Он услышал от одного из компании разгуливавших с невероятно накрашенными глазами гомосексуалистов: «Теперь все стало по-другому. В последние пять лет нас признали. Мы победили». Парень, постоянно слоняющийся по бессонному кварталу, предупредил его, что нужно быть всегда начеку: «Здесь украдут даже твои глаза». Другой парень, по имени Джонни, который успел побывать во всех тюрьмах больших городов, разоткровенничался: «Вы можете пойти куда угодно, но нигде не найдете такой коллекции дураков, как здесь… Они приезжают на автобусах с деньгами из копилок и матрацев и спускают все деньги здесь. Они спрашивают, где найти девку. Я говорю слизняку, что знаю не очень дорогую. Но послушай, говорю я, она может украсть твой бумажник и выбросить твои брюки за окно. Лучше отдай его пока мне. Потом этот дурак ходит по лестницам и ищет номер квартиры, который не существует, а я ухожу с его бумажником»..

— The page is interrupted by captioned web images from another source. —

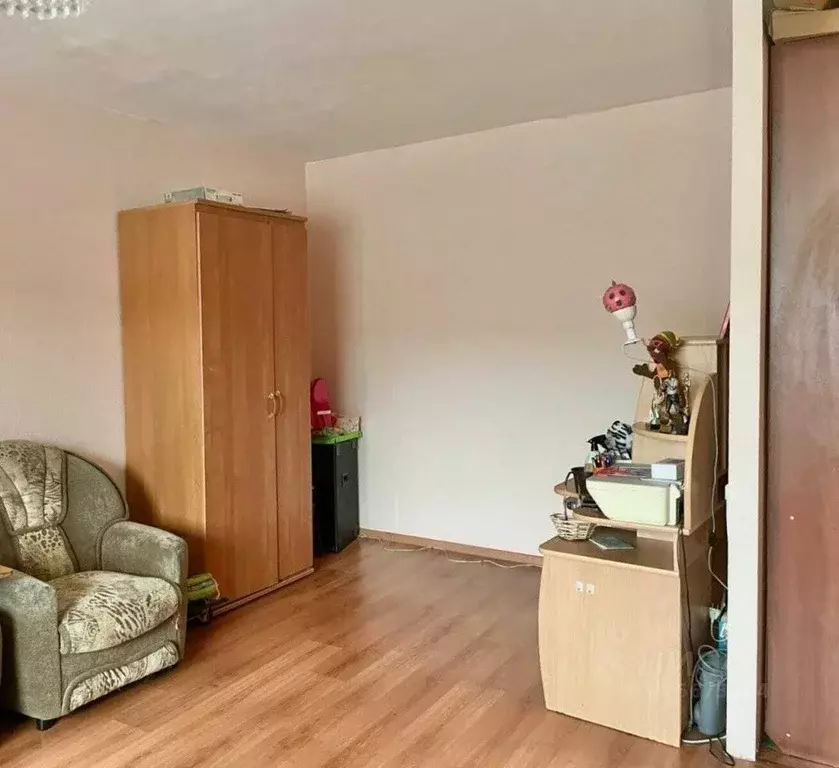 2-к кв. Свердловская область, Первоуральск ул. Емлина, 21 (56.6 м) - Фото 2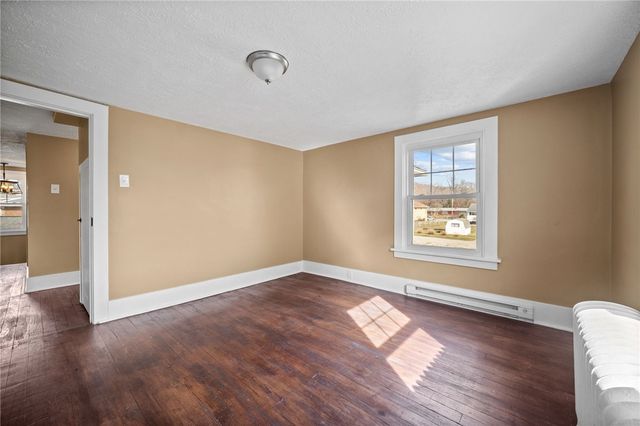 548 N Main St, Masontown, PA 15417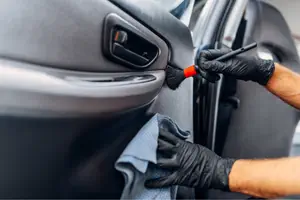 Limpieza detallada de puerta de coche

Журналист выслушал исповедь Роберты Стивенс, немолодой уже женщины, которая пришла в заведение «Увлекательные игры» на Сорок вторую, потому, что ей некуда больше идти. Она была когда-то танцовщицей, мечтала о сцене, потом все пошло прахом. Теперь она живет неподалеку от Центрального парка: «Это меблированная комната, больше мне ничего и не надо. У меня есть библия, два платья и одно пальто. Кухня общая, в коридоре, и приходится надписывать продукты, потому что их крадут. Я одна теперь. Все, что у меня осталось, я спускаю здесь. Здесь не надо думать».
Она рассказала это в одной из закусочных, торгующих пиццей, куда повел ее журналист. То был час далеко за полночь, когда бессонный квартал начинает успокаиваться. Военная полиция допрашивала пьяного моряка, негритянский парнишка с расширенными и испуганными глазами почему-то не решался войти в метро…
Журналист видел, как неторопливо пошла его собеседница, как моряк в белых брюках отделился от стены кинотеатра и оба, уже вместе, направились дальше. Было половина пятого утра, и оставалось еще немало времени до того, как солнечный луч появится над «Лоствиллем», потерянным местом ss центре Нью-Йорка.
Перед самым отъездом, считая минуты, я забежал еще раз в знакомый квартал. Казалось, я узнавал героев очерков. Я увидел теперь, сколько здесь полицейских и плечистых молодцов в штатском с повелительными холодными глазами, при приближении которых мгновенно таяли кучки перекидывающихся короткими фразами молодых людей. Я выделял теперь из толпы, спешащей к поездам, красавчиков в обтянутых брючках и с подкрашенными губами, нечистоплотных стариков с блуждающими глазами бродяг. Я различал теперь человеческую накипь, теряющуюся для новичка в полуторамиллионном потоке людей, ежедневно проносящемся через Таймс-сквер на земле и под землей.